Against the backdrop of the many significant and at times highly controversial changes being made to Polish law at the moment, the country is close to enacting its first ever serious whistleblower protection laws. What will this protection look like, and what does its passage mean for Poland?
The European Background
The European Commission defines whistle-blowers as “persons who report (within the organization concerned or to an outside authority) or disclose (to the public) information on a wrongdoing obtained in a work-related context, help prevent damage and detect threat or harm to the public interest that may otherwise remain hidden.” According to the Commission, because “they are often discouraged from reporting their concerns for fear of retaliation … the importance of providing effective whistle-blower protection for safeguarding the public interest is increasingly acknowledged both at the European and international level.”
The fear of negative repercussions is not simply theoretical. According to the 2017 Special Eurobarometer 470 Report on Corruption that was requested by the European Commission, Directorate-General for Migration and Home Affairs and coordinated by the Directorate-General for Communication, 81% of European respondents indicated they would not report corruption they experienced or witnessed due to the potential risk of reprisal.
Accordingly, and following the recent and highly-publicized Dieselgate, Luxleaks, Panama Papers, and Cambridge Analytica scandals, on April 23, 2018, the European Commission issued a proposal for a new Directive on the Protection of Persons Reporting on Breaches of Union Law, which would establish a comprehensive legal framework for whistle-blower protection.
In the meantime, however, and until that framework is officially enacted, the protection of whistle-blowers on a national level in Europe is uneven. Indeed, only ten EU countries – France, Hungary, Ireland, Italy, Lithuania, Malta, Netherlands, Slovakia, Sweden, and the United Kingdom – ensure the full protection of whistle-blowers, with the rest granting only partial protection, usually only in particular sectors such as financial services, transport safety, and environmental protection.

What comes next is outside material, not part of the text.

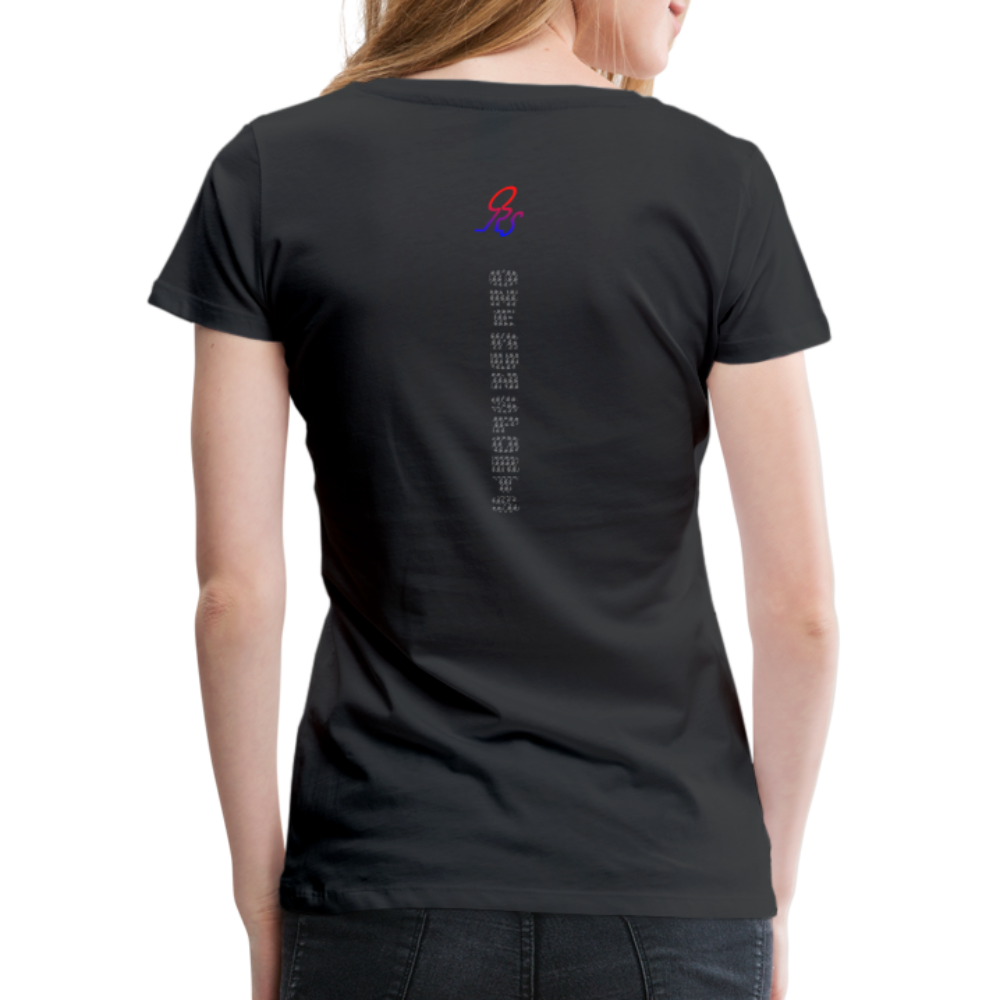 Women’s ORS T-Shirt PRM - black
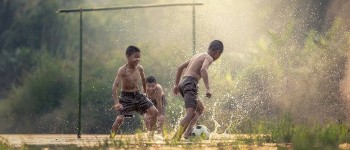 Дитячі звички у заняттях спортом формують здоров'я протягом усього життя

Poland is one of these countries.
The Unsatisfactory Current Situation
Currently, provisions in Poland’s Labor Code, Criminal Code, and Code of Criminal Procedure loosely protect the right of whistle-blowers. Under the Polish Labor Code employees are protected from unfair dismissals, and the Code of Criminal Procedure requires witnesses to a crime to notify law enforcement authorities. Nevertheless, although complaints can be filed to the country’s Labor Inspectorate or Human Rights Ombudsman, ultimately Polish law provides little protection for the identity of whistle-blower, and – in the context of unfair dismissals – puts the burden of proof on them to prove that their dismissal was tied to their reporting.

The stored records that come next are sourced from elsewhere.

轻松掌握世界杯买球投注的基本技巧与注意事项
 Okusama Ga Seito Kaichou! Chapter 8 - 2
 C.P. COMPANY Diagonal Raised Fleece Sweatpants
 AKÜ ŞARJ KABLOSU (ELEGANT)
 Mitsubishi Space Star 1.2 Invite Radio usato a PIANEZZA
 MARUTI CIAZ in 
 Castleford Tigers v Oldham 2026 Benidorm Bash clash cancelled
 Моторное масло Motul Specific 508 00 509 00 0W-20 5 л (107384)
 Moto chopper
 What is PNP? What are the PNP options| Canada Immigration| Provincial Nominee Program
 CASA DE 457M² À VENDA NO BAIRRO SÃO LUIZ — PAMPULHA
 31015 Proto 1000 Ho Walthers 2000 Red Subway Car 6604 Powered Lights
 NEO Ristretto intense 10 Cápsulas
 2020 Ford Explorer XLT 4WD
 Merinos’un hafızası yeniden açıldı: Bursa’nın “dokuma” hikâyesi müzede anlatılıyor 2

In addition, the relevant provisions in the Labor Code and the Code of Criminal Procedure are subject to judicial interpretation, allowing each judge to interpret the rules differently. According to Transparency International’s 2013 Whistleblowing in Europe report, “since the [Polish] provisions are subject to judicial interpretation, it is difficult to predict how a particular judge will apply these general rules to a particular whistle-blower case. This adds yet more subjectivity into an already incomplete whistle-blower framework. Further, judges’ hands are tied by Supreme Court rulings that often do not allow the underlying reasons for an employee’s dismissal to be examined. This means that judges may not consider a whistle-blower’s public interest disclosure.”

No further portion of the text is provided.